What you have to do » What you return should match the listing exactly, minus its images.

Information supplied »
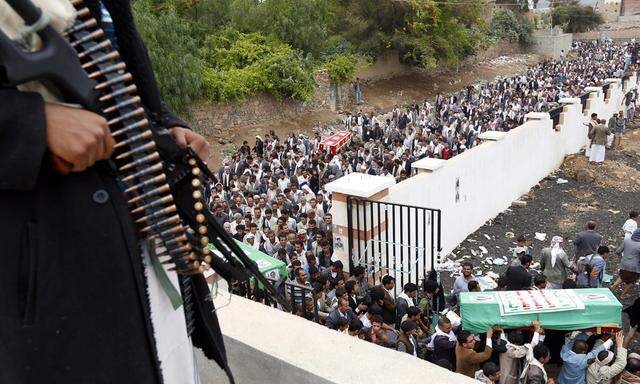 YEMEN HOUTHIS FUNERAL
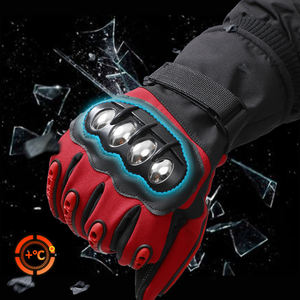 Gants de conduite de <span class=keywords><strong>moto</strong></span> de course d'hiver à écran tactile imperméable et antidérapant pour hommes <span class=keywords><strong>pas</strong></span> <span class=keywords><strong>cher</strong></span> - Product Image 4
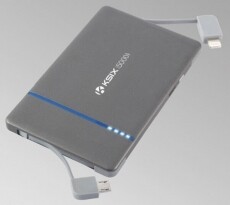 Ksix BXBA5000IP Powerbank 5000mAh beépített lightning kábel Mobil / Kommunikáció / Smart - Powerbank / Külső akkumulátor és töltő - 318004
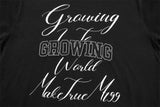 DAXUEN Black short-sleeved t-shirt with graphic text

Answer to this problem »
 YEMEN HOUTHIS FUNERAL
 Gants de conduite de <span class=keywords><strong>moto</strong></span> de course d'hiver à écran tactile imperméable et antidérapant pour hommes <span class=keywords><strong>pas</strong></span> <span class=keywords><strong>cher</strong></span> - Product Image 4
 Ksix BXBA5000IP Powerbank 5000mAh beépített lightning kábel Mobil / Kommunikáció / Smart - Powerbank / Külső akkumulátor és töltő - 318004
 DAXUEN Black short-sleeved t-shirt with graphic text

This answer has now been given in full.